Begin at the line with "Rückansicht Tiffany TF2284B (8441)" and set down each line exactly until the listing ends. Images stay out.

(DATASET CONTENT Opens)

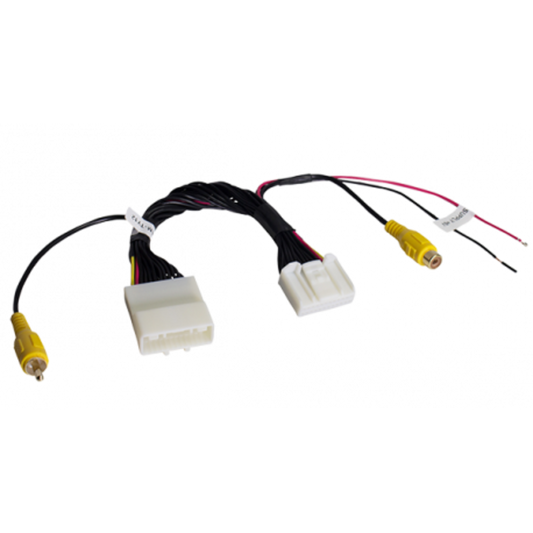 PAC CAM-TY12 product image 1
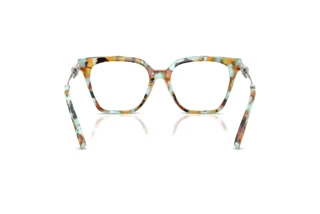 Rückansicht Tiffany TF2284B (8441)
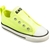 Converse Infant Girls CT Simple Trainers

(DATASET CONTENT Closes)

## RESULT OF THE EXERCISE
 Rückansicht Tiffany TF2284B (8441)
 Converse Infant Girls CT Simple Trainers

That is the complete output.